Although it took some years for the family to forgive Hannah for her secret and, in their eyes, rash marriage, eventually the correspondence shows a rapprochement. They did, however, retain a wariness about John. 

Hannah’s continued attachment to her Northumbrian family is clear from her letters from Essex and then London where she and John lived. She often sent gifts or procured goods at their request. She writes of nuts and quilts and all manner of items to be sent by cart. The family in turn provided a small annuity though they were careful to dedicate it to her use and not to allow John Glasse to have a claim on it.  

Thus far there is nothing special or heroic about this headstrong young woman with her unsatisfactory husband and, soon enough, a large brood of children. What distinguishes Hannah is what she did to make up for John’s frequently inventive but always disastrous business ventures. 

Hannah applied energy and imagination to a series of undertakings with admittedly mixed success. The foremost of these, and the enterprise for which she should be remembered, was her cookbook: ‘The Art of Cookery Made Plain and Easy, Which far exceeds any Thing of the Kind ever yet Printed’. The first edition was published in 1747 under the sobriquet ‘A Lady’ and was an immediate success. 

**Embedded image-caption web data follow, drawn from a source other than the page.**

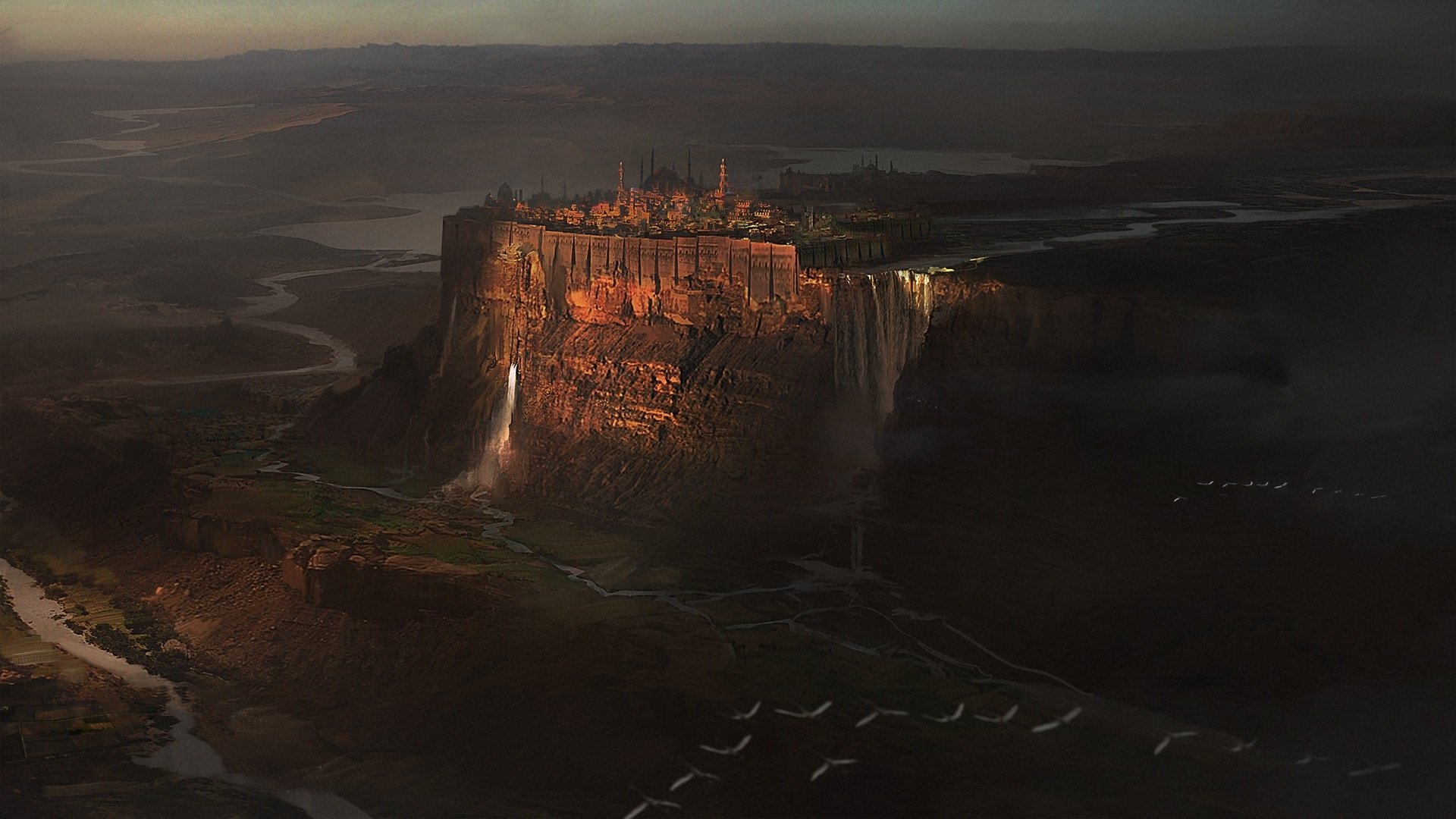 HD desktop wallpaper featuring a fantasy city perched atop a cliff, with a cascading waterfall and a vast landscape stretching into the distance.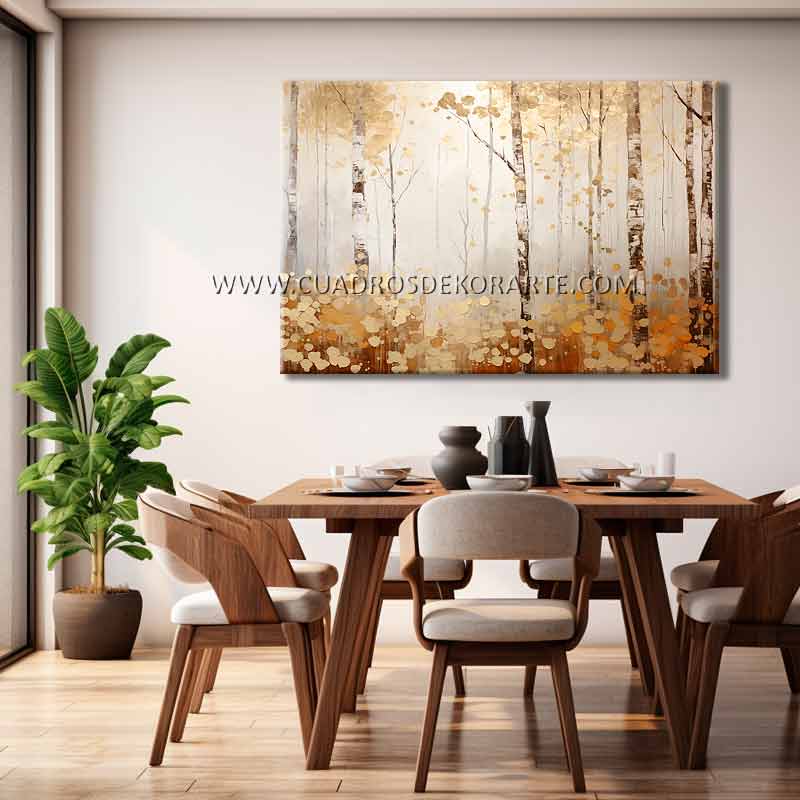 Pinturas de bosques para comedor pintado a mano en medida de 120x80cm.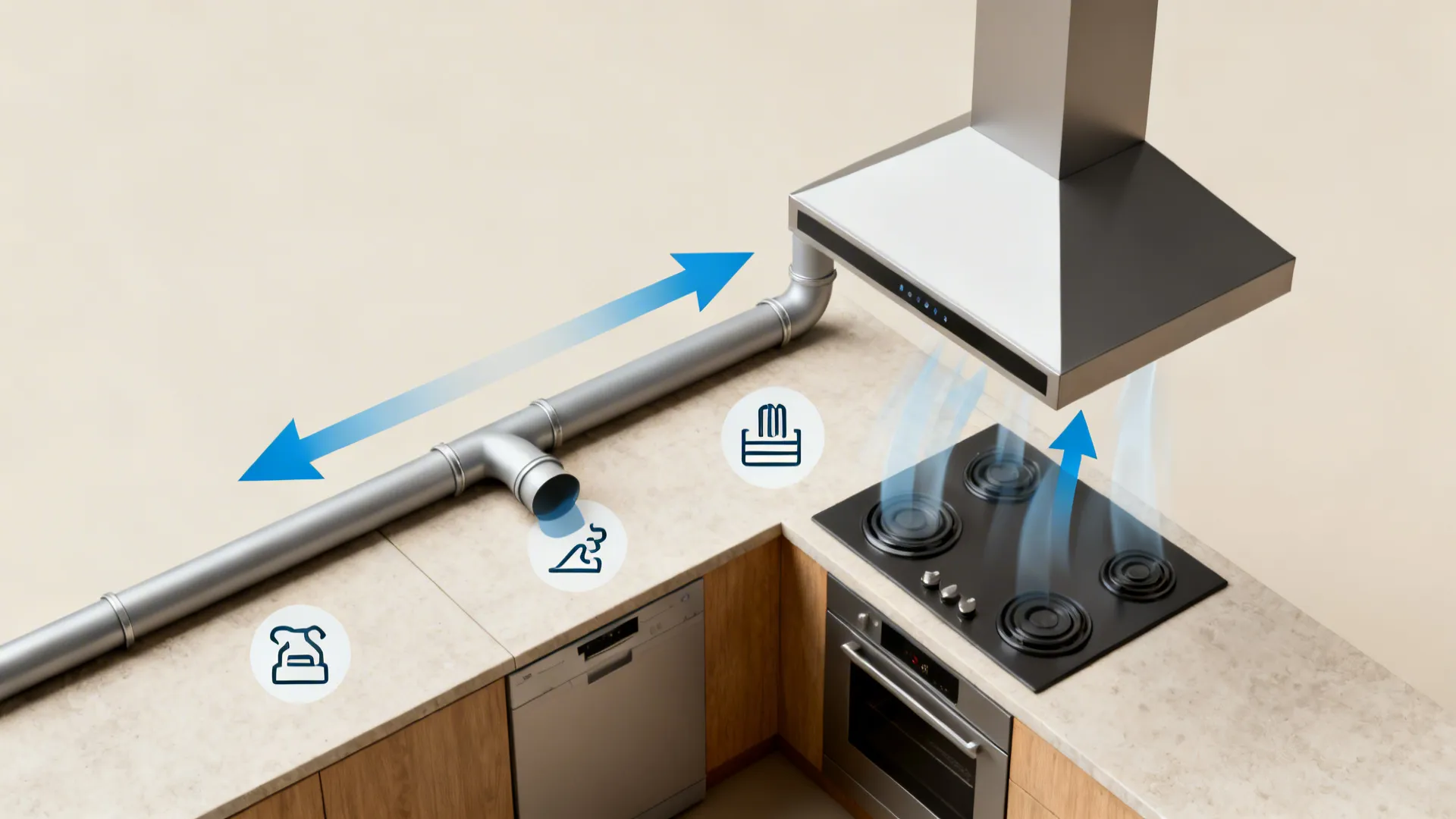 Flowchart showing air ventilation process from a kitchen stove through a metal ducting pipe system
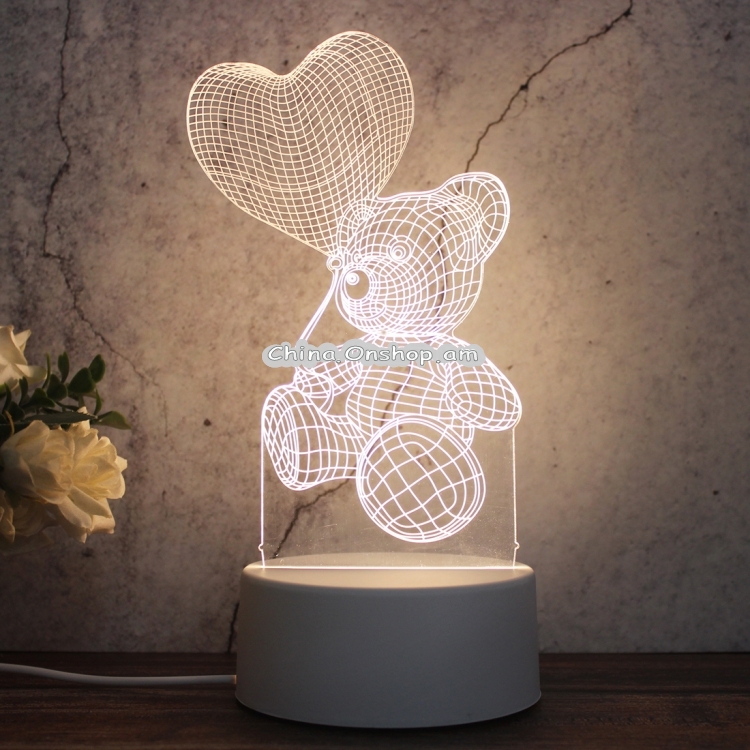 White Base Creative 3D Tricolor LED Decorative Night Light, Button Plug Version, Shape:Love Balloon Bear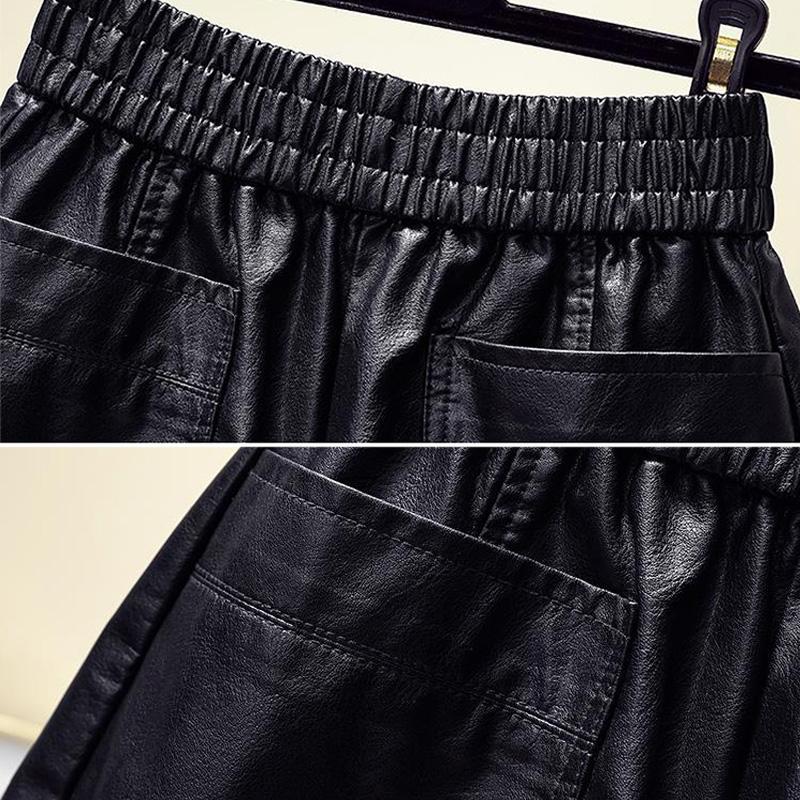 WTEMPO Black High Waist Leather Short Pants Women Thin Elastic Waist Pockets Decor PU Leather Shorts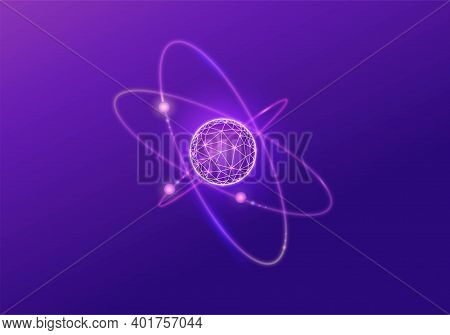 Quantum Low Poly Wireframe Icon, 3d Vector Physics Symbol, Neon Glowing Polygon Illustration, Good F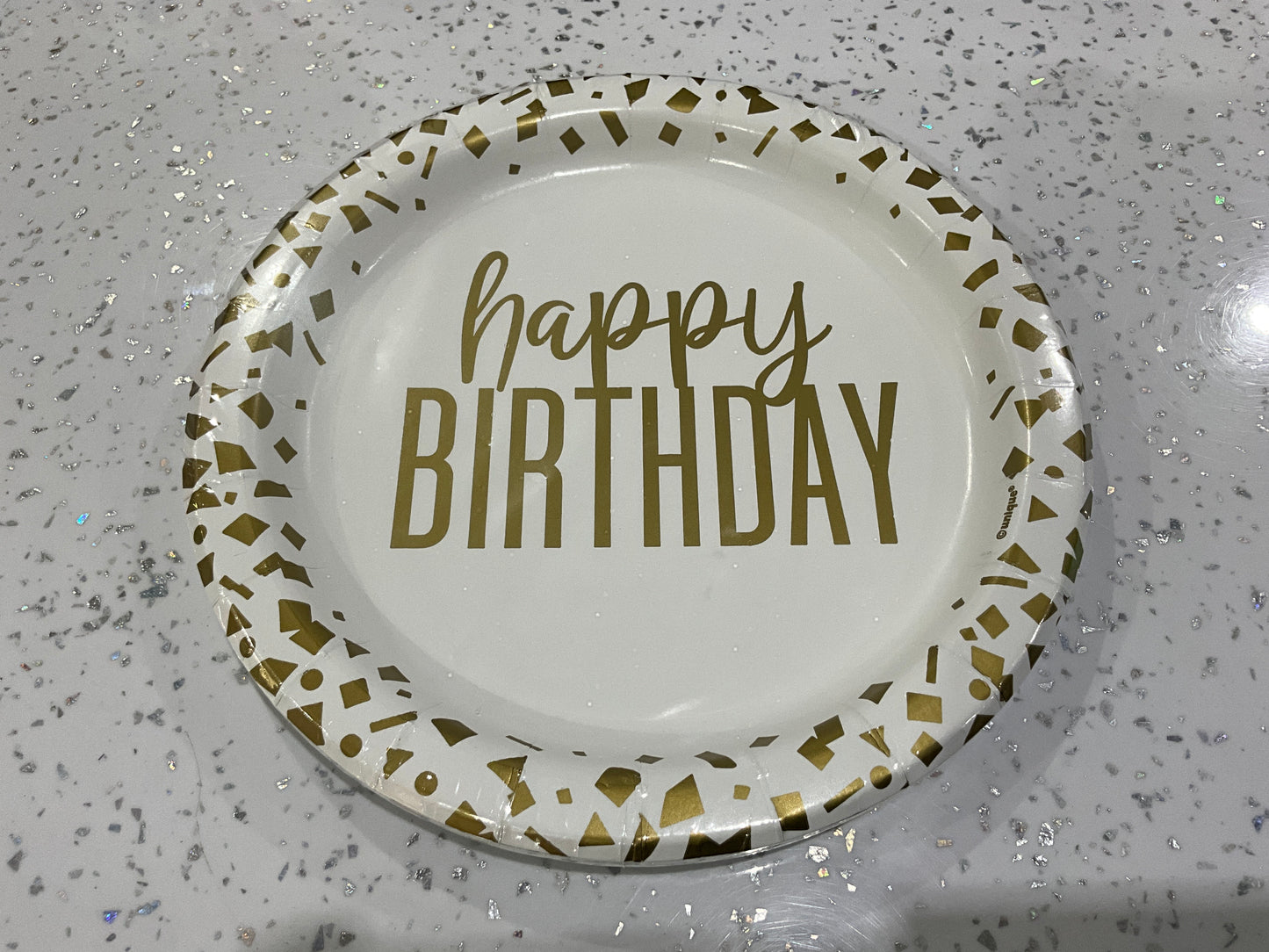 Gold Conffetti birthday plates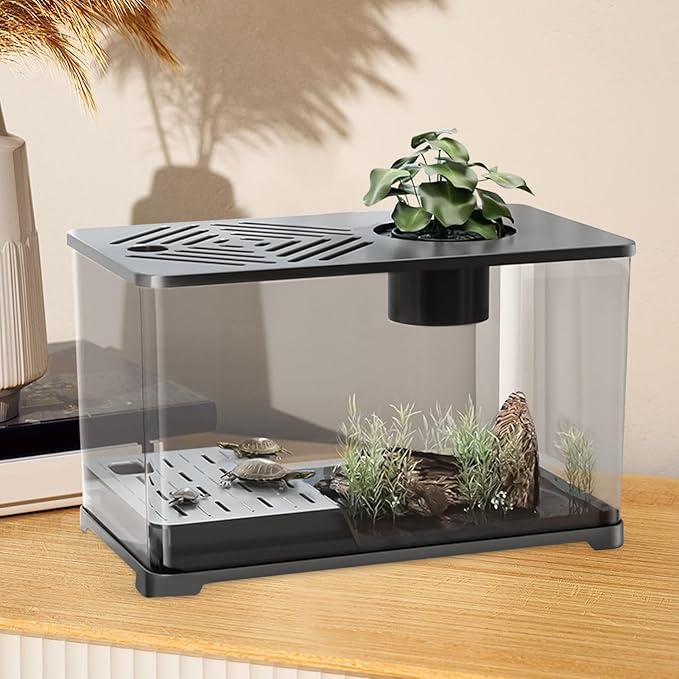 Aquarium Tank – Fish Tank Starter Kit | Modern Clear Panoramic Aquarium Container with Resting Area for Turtle, Betta, Guppy, Shrimp, Jellyfish, Stylish Indoor Water Habitat for Home Office Apartment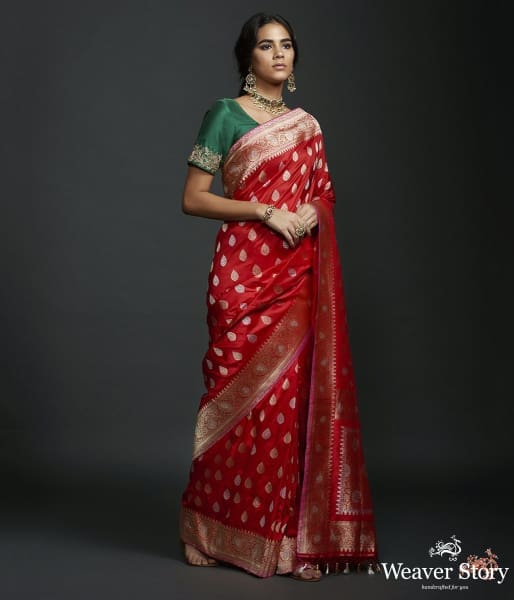 Red kadhwa booti saree with gold and silver zari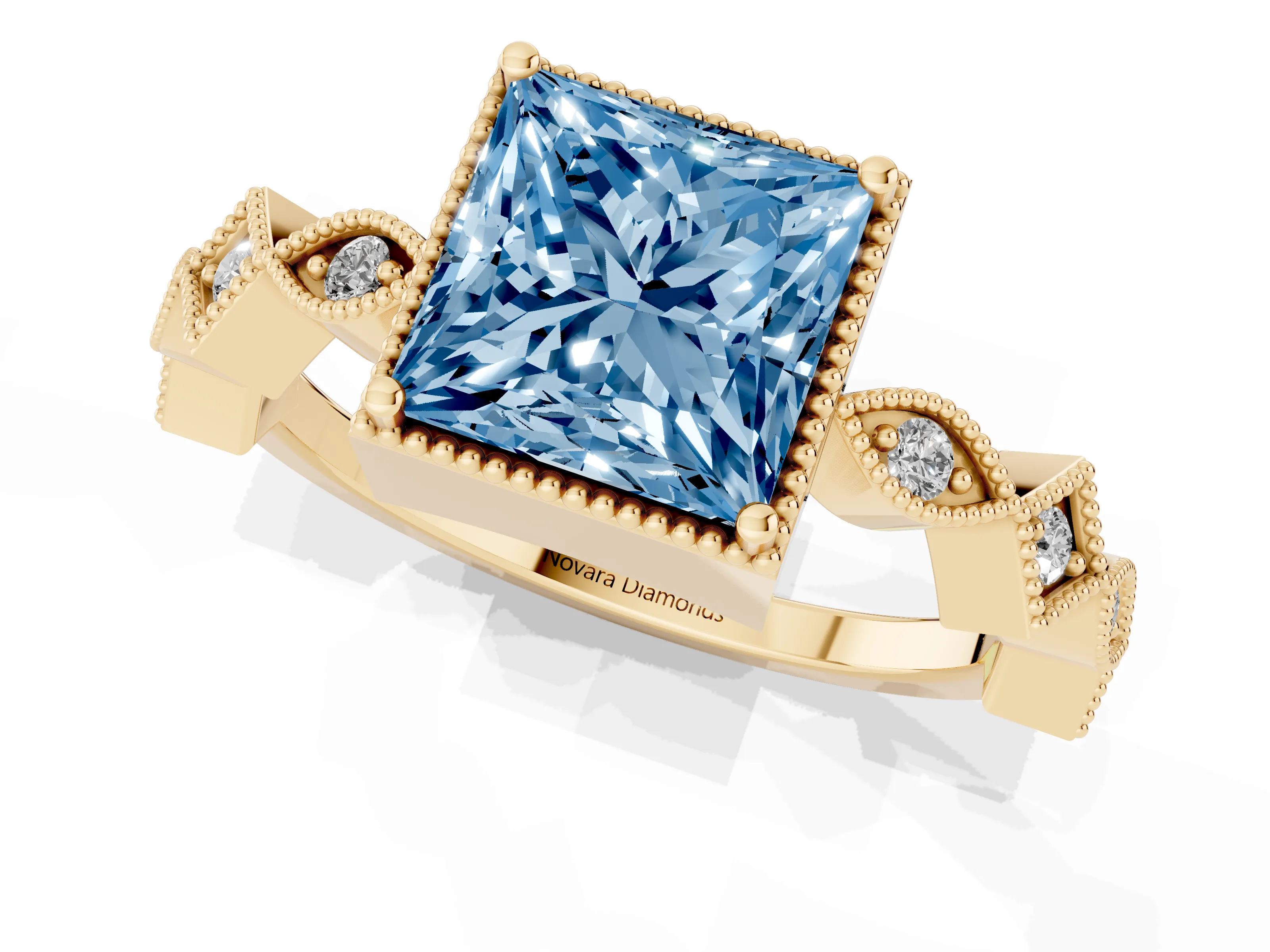 Fancy Blue Princess Cut Diamond Milgrain Marquise Twist Band Ring Set in Yellow gold with Prong Setting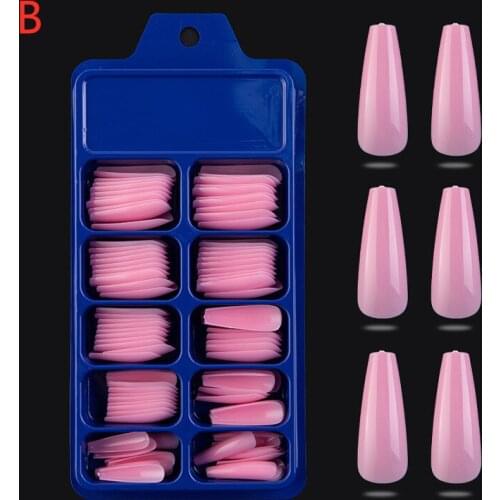 100pcs/box Professional Fake Nails Long Ballerina Half French Acrylic Nail Tips 10 Size Press On Nails Girl Women Manicure Tools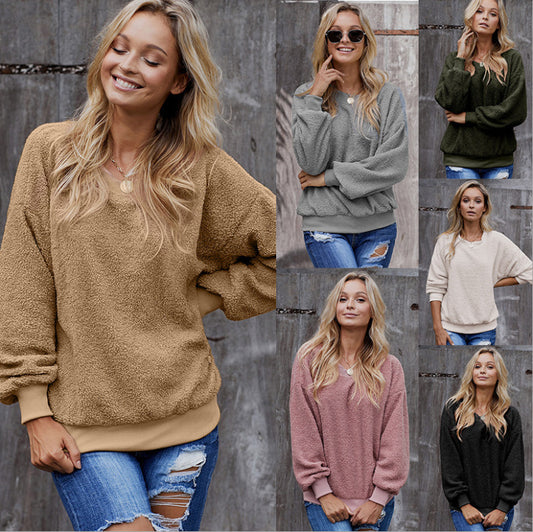 Solid Color Round Neck Pullover with Long Sleeves – Women's Loose Casual Top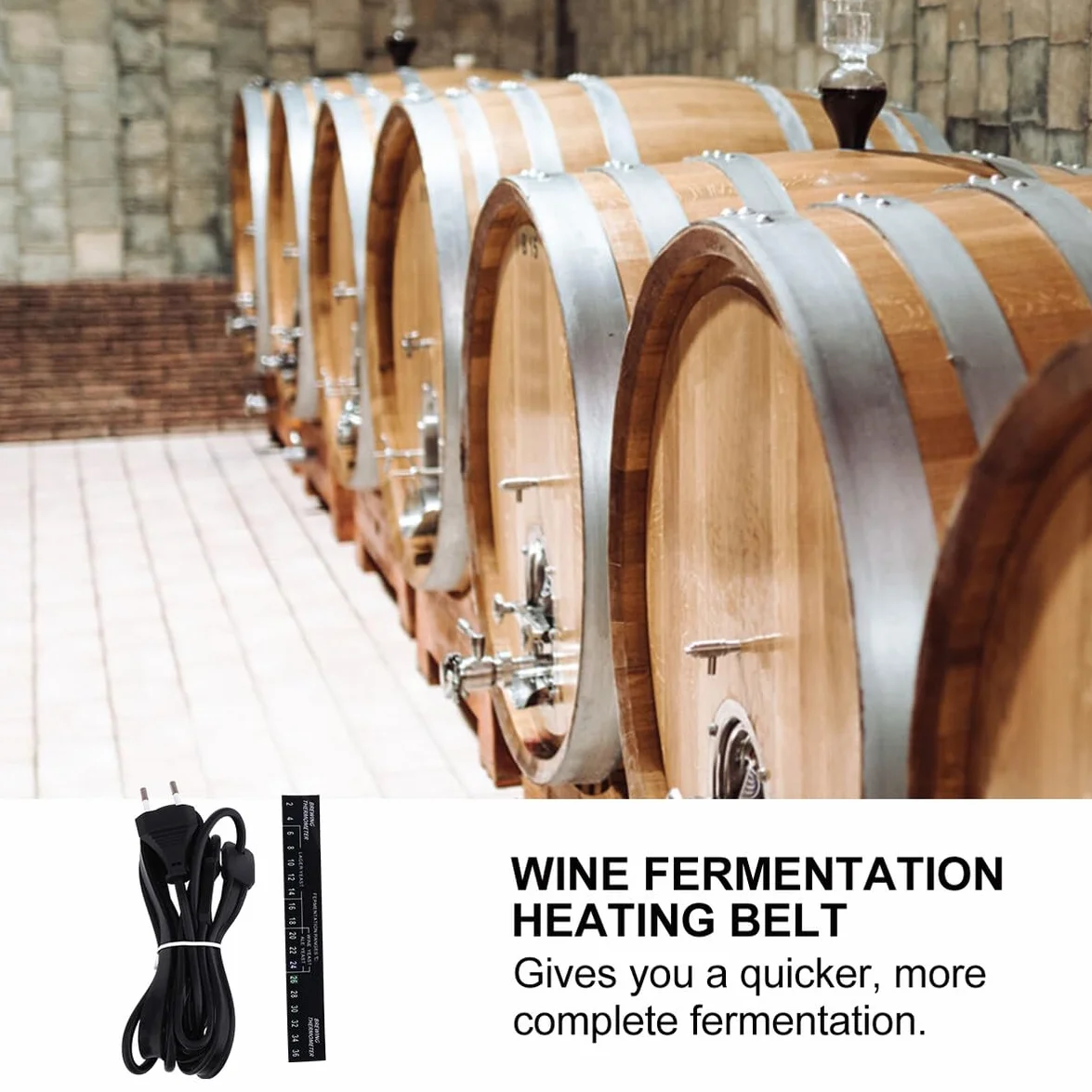Cinturón de Fermentación Eléctrico para Elaboración Casera de Cerveza y Vino Calentador de Flexible para Fermentadores y Fácil de Almacenar Enchufe UE Negro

Let us for the moment gloss over the sadder parts of Hannah’s entrepreneurial history, the highly successful (until it was not) habit-making shop patronised by the Prince of Wales et al., the attempt at promoting Daffy’s Elixir as a panacea, the spells of bankruptcy and incarceration in debtors’ prison. Her business acumen definitely had holes in it. However, in creating her cookbook she showed true flair. 

The Allgood letters help us reconstruct the story. Hannah writes to her Northumberland relatives announcing her intentions of making a book, asking for recipes, and soliciting subscriptions. A first publication like hers needed subscribers – a sort of crowd funding of its time – to succeed. Her family supported her as did others often from quite distinguished households. 

In the foreword to her book she explains how she spotted a gap in the cookbook market for something quite basic – a proto-Delia’s How to Cook perhaps. Her keen eye saw the floundering new middle classes unable to instruct their servants, and those servants unable to understand fancy French cookbooks and methods. Hannah’s offer was simplicity. She factored in the limited education, equipment and indeed funds available to these households. She adapted fashionable French recipes explaining in detail how to prepare and anglicise them. She promoted seasonality and use of local produce; the wars and tensions that impeded imports from Europe were, even then, a feature of her letters.  

She had considerable marketing ability – she sold her book in the premises of high-class suppliers of tableware establishing it as a necessity for the affluent household. It became the most used and referenced cookbook of its time not only in England but in the Americas and throughout the English-speaking world. 

Alas, her story does not end well. Whether through her own financial failings or John’s posthumous debts, she was forced to sell the copyright of her book less than ten years after its first publication. She watched as future editions – thirty or more of them – made money for others. To add to her misery these later editions carried her name where their predecessors had been anonymous.  

Hannah died in 1770 in Newcastle. A notice in the London Gazette merely notes the death of Sir Laurence Allgood’s sister.  

Hannah’s fan club includes historic figures like George Washington and Benjamin Franklin as well as Clarissa Dickson Wright, who called her ‘the first domestic goddess’. But where is her memorial? Where indeed!